We’re a few minutes into a WhatsApp call, and Gideon Appah is struggling to remember a dream. It’s not his own, but he pieces it together in vivid fragments. It’s a nightmare his mother had as a teenager. It involved going to a dark shoreline. A friend of hers—or maybe it was her?—jumped into the water, bobbing in the mist, subject to unknown danger. “It was really scary,” says Appah, “and I tried to paint it that way.”
Appah made the story the subject of “Her Dream of the Drain” (2018), a person-height canvas that shows a ghostly white figure suspended in a sea of striking aquamarine. Another figure, rendered more realistically, lies partially submerged at the bottom of the painting. Above, a photograph of a boy’s head—Appah’s brother—floats by on a rogue current of built-up white acrylic.

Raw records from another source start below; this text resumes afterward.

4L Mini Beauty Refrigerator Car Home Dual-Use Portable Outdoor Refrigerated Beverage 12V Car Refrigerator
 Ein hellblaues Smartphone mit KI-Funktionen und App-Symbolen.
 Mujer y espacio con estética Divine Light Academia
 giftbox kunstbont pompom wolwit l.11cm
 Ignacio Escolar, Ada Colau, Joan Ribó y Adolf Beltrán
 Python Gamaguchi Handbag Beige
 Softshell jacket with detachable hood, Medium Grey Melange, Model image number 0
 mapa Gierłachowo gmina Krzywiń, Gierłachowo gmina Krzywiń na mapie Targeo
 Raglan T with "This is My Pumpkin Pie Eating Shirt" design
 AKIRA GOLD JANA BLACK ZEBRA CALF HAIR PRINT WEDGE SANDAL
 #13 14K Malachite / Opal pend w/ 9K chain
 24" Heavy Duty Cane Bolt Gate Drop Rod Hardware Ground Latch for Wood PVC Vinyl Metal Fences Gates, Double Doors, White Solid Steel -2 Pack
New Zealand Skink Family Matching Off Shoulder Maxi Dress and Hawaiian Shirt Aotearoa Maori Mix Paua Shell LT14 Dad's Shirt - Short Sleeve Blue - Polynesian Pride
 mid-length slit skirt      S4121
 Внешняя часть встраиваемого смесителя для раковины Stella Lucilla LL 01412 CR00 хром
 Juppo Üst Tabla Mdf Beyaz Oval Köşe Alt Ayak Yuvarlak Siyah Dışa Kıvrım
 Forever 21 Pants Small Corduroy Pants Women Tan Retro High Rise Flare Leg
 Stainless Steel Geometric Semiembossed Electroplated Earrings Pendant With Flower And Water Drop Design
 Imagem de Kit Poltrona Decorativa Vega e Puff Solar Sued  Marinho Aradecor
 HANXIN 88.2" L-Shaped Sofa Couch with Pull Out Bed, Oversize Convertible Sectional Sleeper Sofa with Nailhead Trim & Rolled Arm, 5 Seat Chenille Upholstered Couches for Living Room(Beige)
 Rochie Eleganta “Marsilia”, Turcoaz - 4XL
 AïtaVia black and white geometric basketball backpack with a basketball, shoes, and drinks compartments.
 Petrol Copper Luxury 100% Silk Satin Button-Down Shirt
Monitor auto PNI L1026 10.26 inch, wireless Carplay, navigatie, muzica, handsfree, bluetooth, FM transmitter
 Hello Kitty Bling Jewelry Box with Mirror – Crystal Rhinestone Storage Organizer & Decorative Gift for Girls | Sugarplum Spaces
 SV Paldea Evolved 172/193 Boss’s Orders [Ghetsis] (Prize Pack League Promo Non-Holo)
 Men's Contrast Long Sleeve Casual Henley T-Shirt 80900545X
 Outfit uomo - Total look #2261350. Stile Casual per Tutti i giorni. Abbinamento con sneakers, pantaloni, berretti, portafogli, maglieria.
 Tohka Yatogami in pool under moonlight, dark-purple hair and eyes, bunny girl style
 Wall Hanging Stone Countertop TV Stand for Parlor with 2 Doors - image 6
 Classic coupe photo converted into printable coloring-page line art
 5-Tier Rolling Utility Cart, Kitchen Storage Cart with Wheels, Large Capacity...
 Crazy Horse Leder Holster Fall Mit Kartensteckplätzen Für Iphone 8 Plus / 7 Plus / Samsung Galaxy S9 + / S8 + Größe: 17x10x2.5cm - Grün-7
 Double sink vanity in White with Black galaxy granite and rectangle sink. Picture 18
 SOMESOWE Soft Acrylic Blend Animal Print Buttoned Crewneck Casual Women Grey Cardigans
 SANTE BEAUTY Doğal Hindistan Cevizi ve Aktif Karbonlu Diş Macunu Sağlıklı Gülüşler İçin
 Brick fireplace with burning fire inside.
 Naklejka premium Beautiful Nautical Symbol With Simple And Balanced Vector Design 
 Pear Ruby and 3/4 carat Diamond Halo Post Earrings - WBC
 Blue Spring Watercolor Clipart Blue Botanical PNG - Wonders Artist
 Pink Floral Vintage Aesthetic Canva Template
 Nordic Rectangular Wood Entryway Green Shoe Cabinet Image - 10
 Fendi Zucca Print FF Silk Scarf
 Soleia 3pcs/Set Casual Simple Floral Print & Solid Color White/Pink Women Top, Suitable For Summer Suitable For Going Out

There’s a narrative here, but not a legible story. The figures, the photograph, the tactility of the materials, and the arresting color add up to a haunting, if inscrutable, atmosphere. The work is a showstopper in the 29-year-old artist’s breakout series of dreamy recollections of his childhood in Accra, Ghana. “They are my ways of listening to stories and then trying to paint them out,” he says.
Appah studied at Kwame Nkrumah University of Science and Technology in Kumasi, where he earned a BFA. His early paintings draw on the visual noise of the Accra streets, pulling symbols, scrawls, and lotto numbers into paintings that hum with color. His early works owe no small debt to Jean-Michel Basquiat, but Appah’s approach was distinct enough to win first place in South Africa’s L’Atelier Art Competition in 2015. “We were struck by his boldness and use of materials, scratching and building up the paint to add layers,” says curator and critic Johan Myburg, who chaired the jury that year.
The artist’s new work keeps the rough materials and bold colors, but it’s softer, more contemplative, and more absorbing. At this year’s New York edition of the 1:54 Contemporary African Art Fair, Appah re-created his grandmother’s living room inside the booth of Accra-based Gallery 1957. Carpeting, an old television, chairs, and dusty bottles of Ghanaian herbal liqueurs set the scene for “Memoirs Through Pokua’s Window,” a collection of charcoal drawings and paintings incorporating family photographs. “Recall and memories are themes in all of my work,” Appah says. “I like to refer to an emotion contained in a static moment.” For a new group of paintings, Appah is working with stills from old Ghanaian films he watched on television with his family as a child.
As Appah has gained notoriety, he has become part of a generation of artists, curators, dealers, and collectors raising the profile of Accra’s art scene. “The strength and depth of the young artists here has huge potential,” says Marwan Zakhem, a construction magnate and the art dealer behind Gallery 1957, which is named for the year of Ghana’s independence. Appah will have his first solo show at the gallery next spring, contributing to the city’s future as an art destination while his paintings evoke its past.